Skip to content

Advanced Parquet Operations

DataFolio stores tables as Parquet files, leveraging Parquet's powerful filtering and optimization capabilities. This guide shows you how to work efficiently with large datasets using column selection, row filtering, and other advanced techniques.

Why Parquet?

Parquet is a columnar storage format designed for analytics workloads:

  • Column pruning - Read only the columns you need
  • Row filtering - Filter data at the file level before loading into memory
  • Compression - Efficient storage with various compression algorithms
  • Metadata - Store schema, statistics for query optimization
  • Cloud-optimized - Works well with S3, GCS, and other cloud storage

Quick Example: The Problem

# Problem: 100GB table, but you only need 2 columns and 1% of rows
folio = DataFolio('s3://huge-bucket/analysis')
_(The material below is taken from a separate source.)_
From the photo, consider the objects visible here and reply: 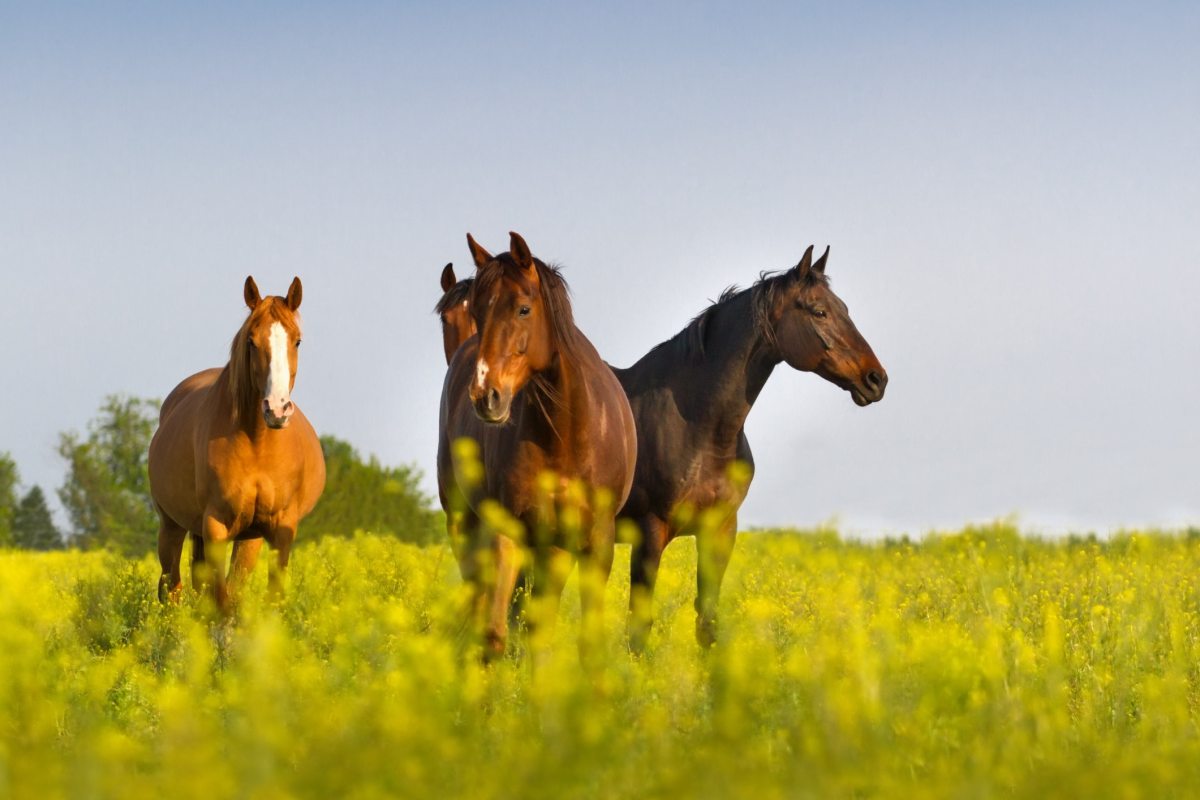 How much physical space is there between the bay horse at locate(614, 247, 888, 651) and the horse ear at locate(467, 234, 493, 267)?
247cm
# Bad: Loads entire 100GB into memory! 💥
df = folio.get_table('transactions')  # OOM error!
df_filtered = df[df['amount'] > 1000][['user_id', 'amount']]

# Good: Loads only ~1GB (filtered subset) ✅
df_filtered = folio.get_table('transactions',
    columns=['user_id', 'amount'],
    filters=[('amount', '>', 1000)],
    engine='pyarrow')

This is the power of column selection and row filtering - work with massive datasets efficiently.

Column Selection (Column Pruning)

Read only the columns you need, reducing memory usage and load time.

Basic Column Selection

folio = DataFolio('experiments/analysis')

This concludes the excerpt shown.